**Work to complete**:
Both the line with "Снежки в сад." and the line with "Centrum obce s kostelem sv. Petra a Pavla" in the records below must appear in the output, along with every line between them, exactly and with nothing added.

══ Dataset excerpts ══

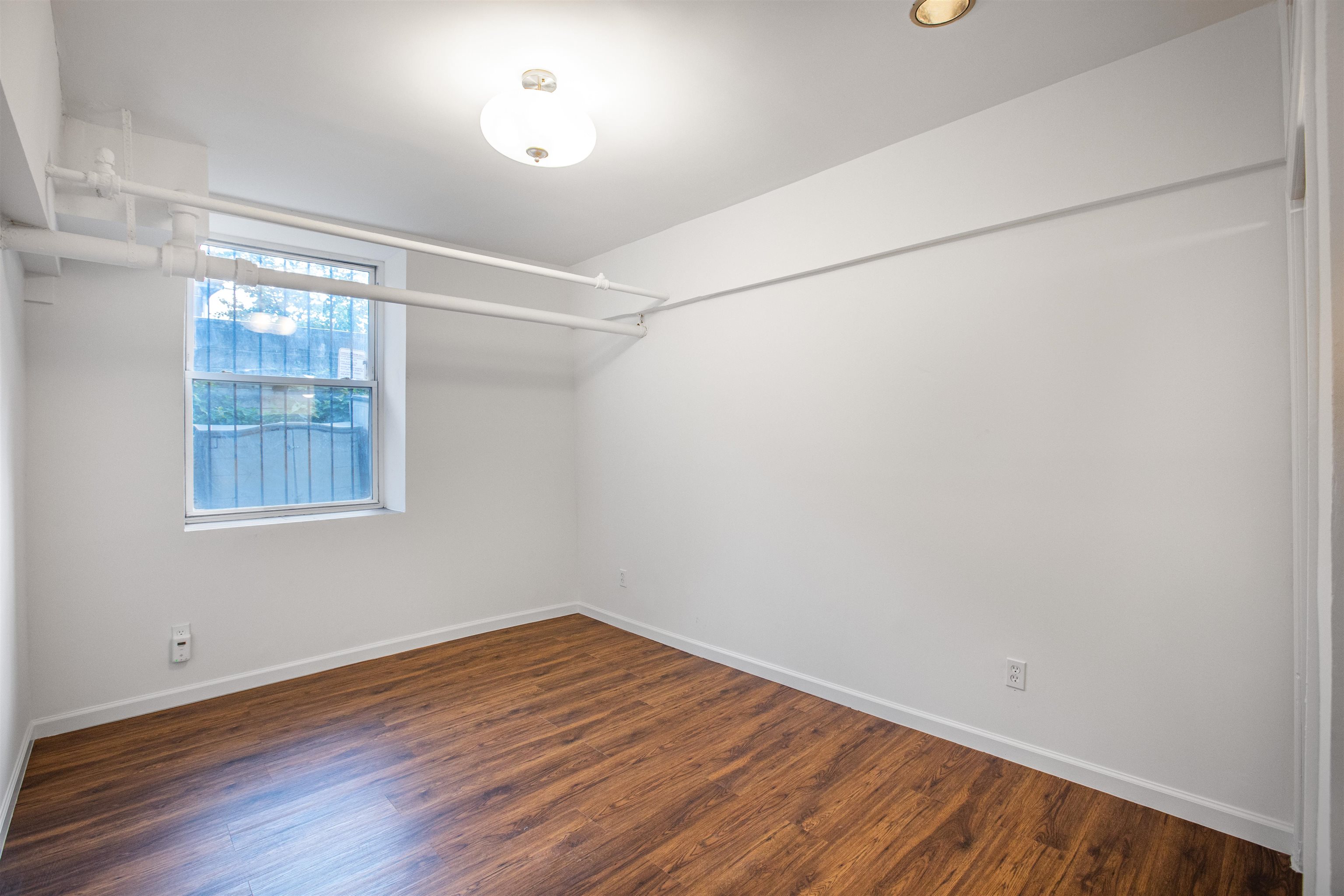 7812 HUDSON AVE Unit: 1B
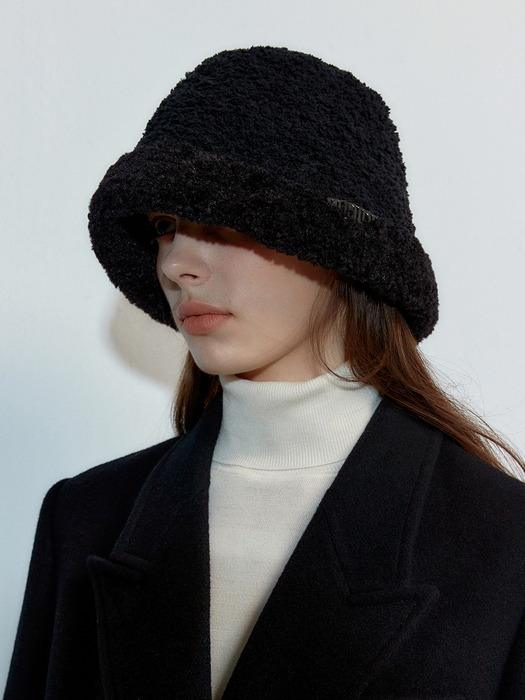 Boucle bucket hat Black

═══
══ Dataset excerpts ══

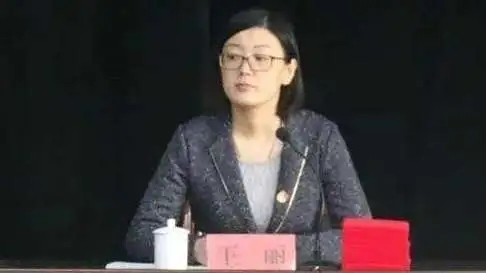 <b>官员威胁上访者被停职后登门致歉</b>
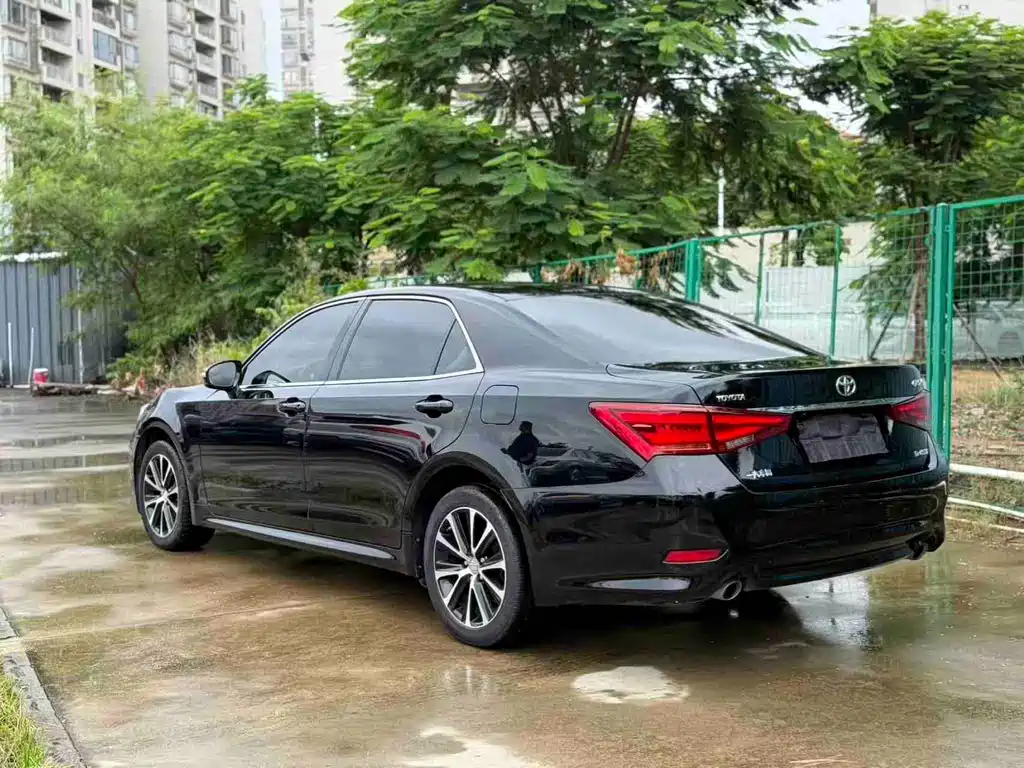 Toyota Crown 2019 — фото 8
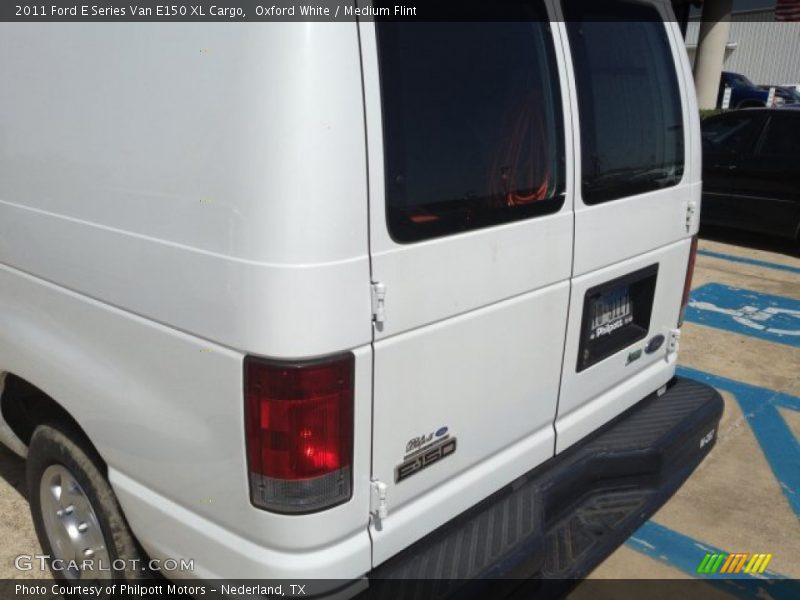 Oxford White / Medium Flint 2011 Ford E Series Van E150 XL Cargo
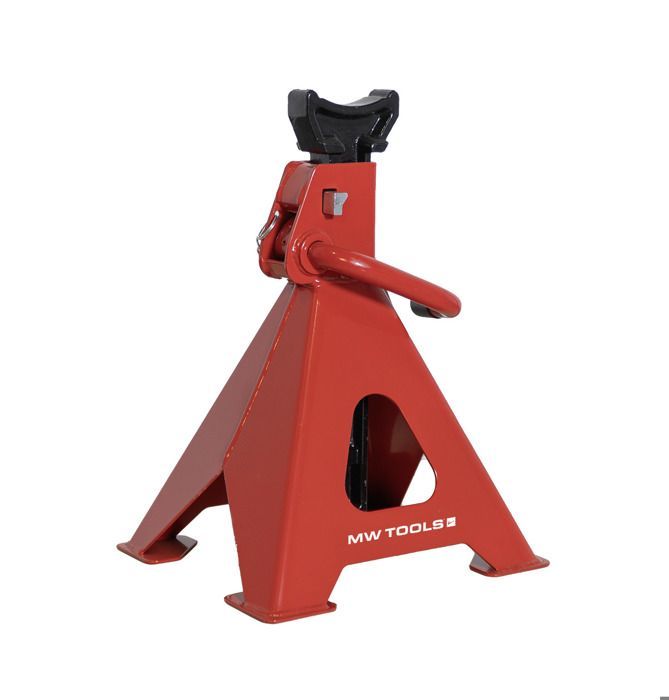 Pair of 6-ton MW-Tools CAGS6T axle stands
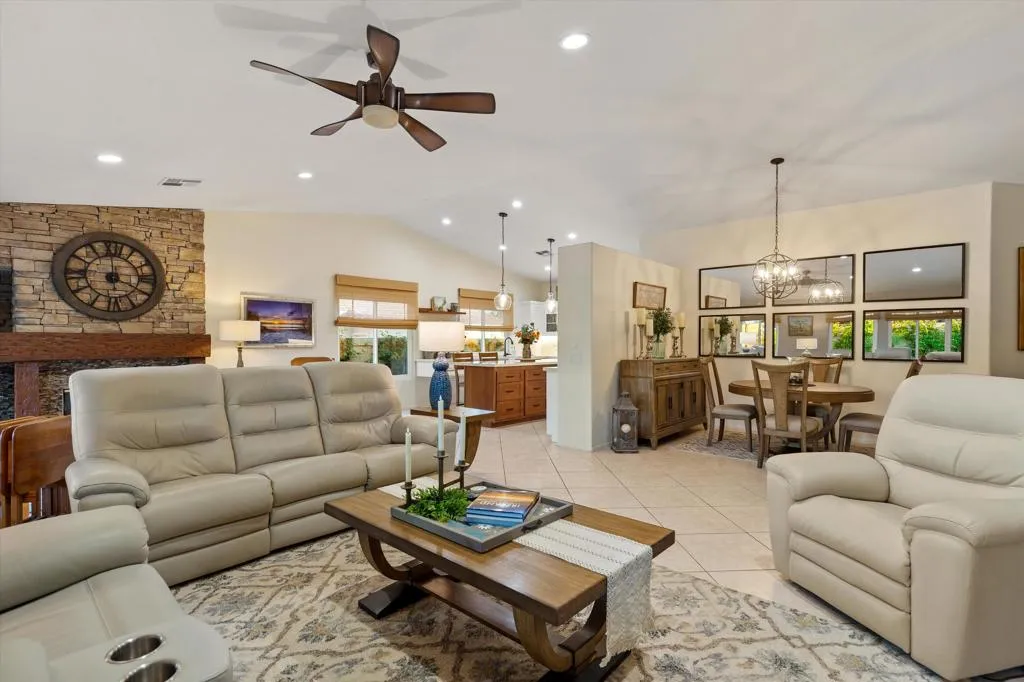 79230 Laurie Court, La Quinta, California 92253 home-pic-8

═══
══ Dataset excerpts ══

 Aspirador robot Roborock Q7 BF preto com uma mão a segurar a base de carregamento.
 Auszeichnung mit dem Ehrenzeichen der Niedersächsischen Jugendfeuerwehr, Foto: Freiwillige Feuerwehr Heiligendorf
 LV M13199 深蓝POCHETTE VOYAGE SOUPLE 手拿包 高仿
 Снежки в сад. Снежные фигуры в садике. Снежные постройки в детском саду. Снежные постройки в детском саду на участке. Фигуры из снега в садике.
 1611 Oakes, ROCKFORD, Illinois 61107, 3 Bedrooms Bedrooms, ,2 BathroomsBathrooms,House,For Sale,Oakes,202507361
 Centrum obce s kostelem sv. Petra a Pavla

═══

**Solution below**:
 Снежки в сад. Снежные фигуры в садике. Снежные постройки в детском саду. Снежные постройки в детском саду на участке. Фигуры из снега в садике.
 1611 Oakes, ROCKFORD, Illinois 61107, 3 Bedrooms Bedrooms, ,2 BathroomsBathrooms,House,For Sale,Oakes,202507361
 Centrum obce s kostelem sv. Petra a Pavla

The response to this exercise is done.